AI Automotive Processor Technology
The automotive industry is undergoing key technological transformations, advancing towards higher automation levels. Intelligent driving requires more efficient and powerful AI processors. According to Horizon Robotics’ summary of OEM demands, a higher level of automated driving requires more orders of magnitude tera operations per second (TOPS), namely, 2 TOPS for L2 autonomy, 24 TOPS for L3, 320 TOPS for L4, and 4,000+TOPS for L5.
Automotive processors typically fall into three broad categories:
- CPU and GPU-based processors: tend to have good flexibility but generally consume more power
- FPGAs requires less computational resources, but are more costly and limited programmability compared to GPUs
- ASICs: usually with a custom design, are more efficient in terms of performance, cost, and power consumption
Conventional CPUs and GPUs are struggling to meet the increasing demands of high computing requirements of L4 and L5 autonomous driving levels where FPGAs/ASICs are both outperforming CPUs/GPUs. Autonomous vehicles will need enough computing power to become a “data center on wheels”. Taking the complexity of automotive applications into consideration, computing power alone is not enough. The energy efficiency, performance, and cost-effectiveness of AI automotive processors should also be taken into consideration. Full-custom ASICs are by far superior to GPUs/FPGAs in terms of lower power consumption, performance, and cost. That is why the integration of AI-specific ASIC accelerators in autonomous driving computing platforms is booming.
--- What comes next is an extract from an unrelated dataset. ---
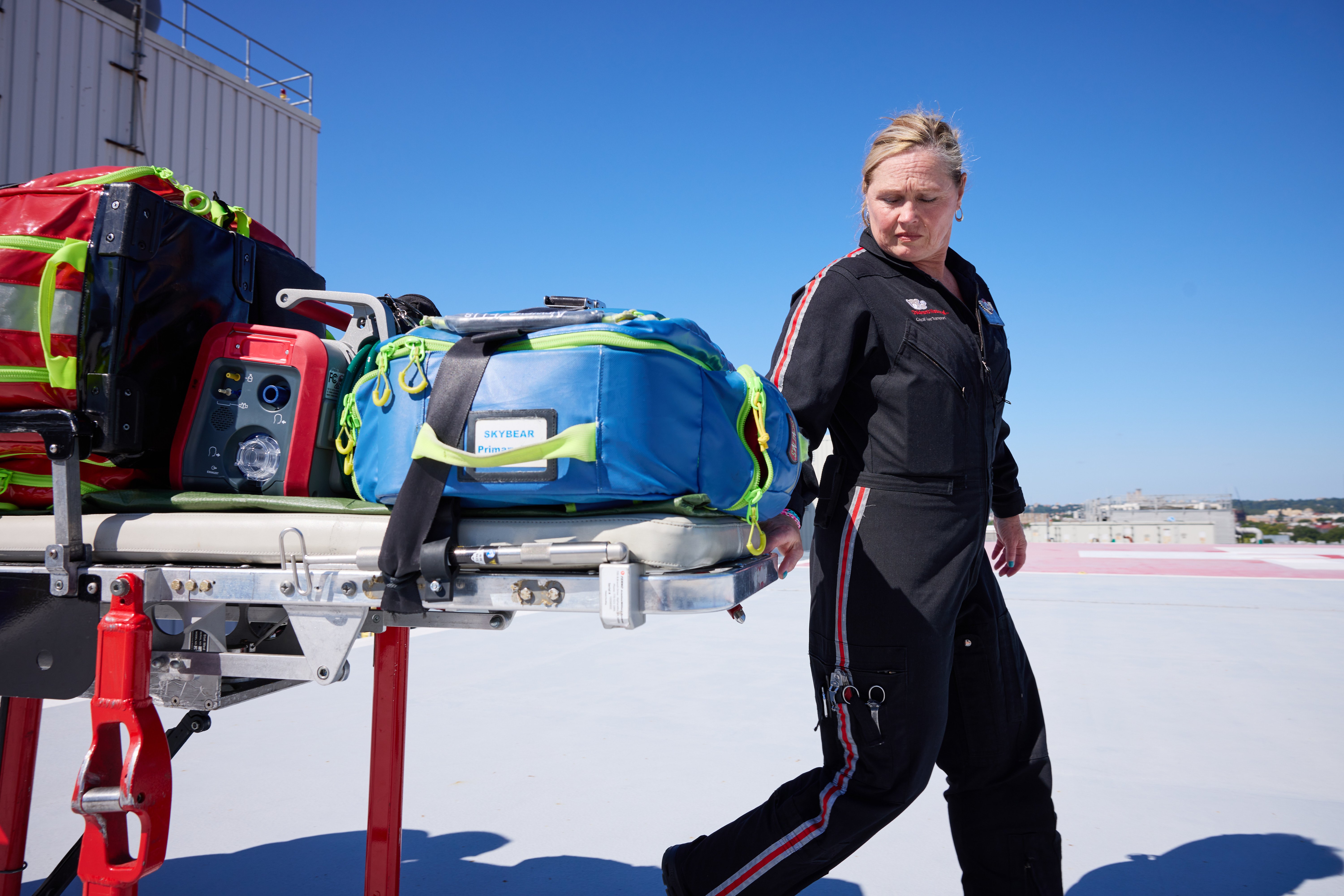 A member of the Children's National Transport Medicine team pulls equipment.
High-Performing Accelerator Chips
The inference accelerator chips of Gyrfalcon Technology, Inc (GTI) have a Convolutional Neural Network Domain-Specific Architecture (CNN-DSA) with a dedicated Matrix Processing Engine (MPE) and an efficient AI Processing in Memory (APiM) technology. As an example, GTI’s LightSpeeur 2803S provides a power efficiency performance of 24 TOPS/Watt with all CNN processing done in the internal memory instead of outside DRAM. It can classify 448×448 RGB image inputs at more than 16.8TOPS with a peak power consumption of less than 700mW and with an accuracy comparable to the VGG benchmark. Gyrfalcon’s CNN- DSA accelerators are reconfigurable to support CNN model coefficients of various layer sizes and layer types.
For more computationally-intensive edge computing applications such as in driverless-car AI platforms, GTI’s PCIe- based AI accelerator cards using 16x 2803S chips delivering 270 TOPS and 9.9 TOPS/W power efficiency can be used for Level 4 AI auto performance demand. Using 4x GTI 2803S PCIe cards (64 chips) can provide the top performance of 1080 TOPS for L5 AI auto performance and beyond.
GTI’s AI-based chips have a flexible and scalable architecture and can be easily arranged in either parallel or cascades for any given performance/model size application. Cascading capability provides flexibility and reduces the host workload. Cascading enables support for larger and more complex models (i.e. ResNet-101, ResNet-152, … (Figure 5).
GTI’s AI-based architecture is “silicon-proven” standalone accelerator technology that can be used with any type of sensor output, such as visual, audio, and other forms of data. This can include high data rates from machine learning cameras and high-resolution LiDAR as well as low data rates from RADAR and ultrasonic sensors.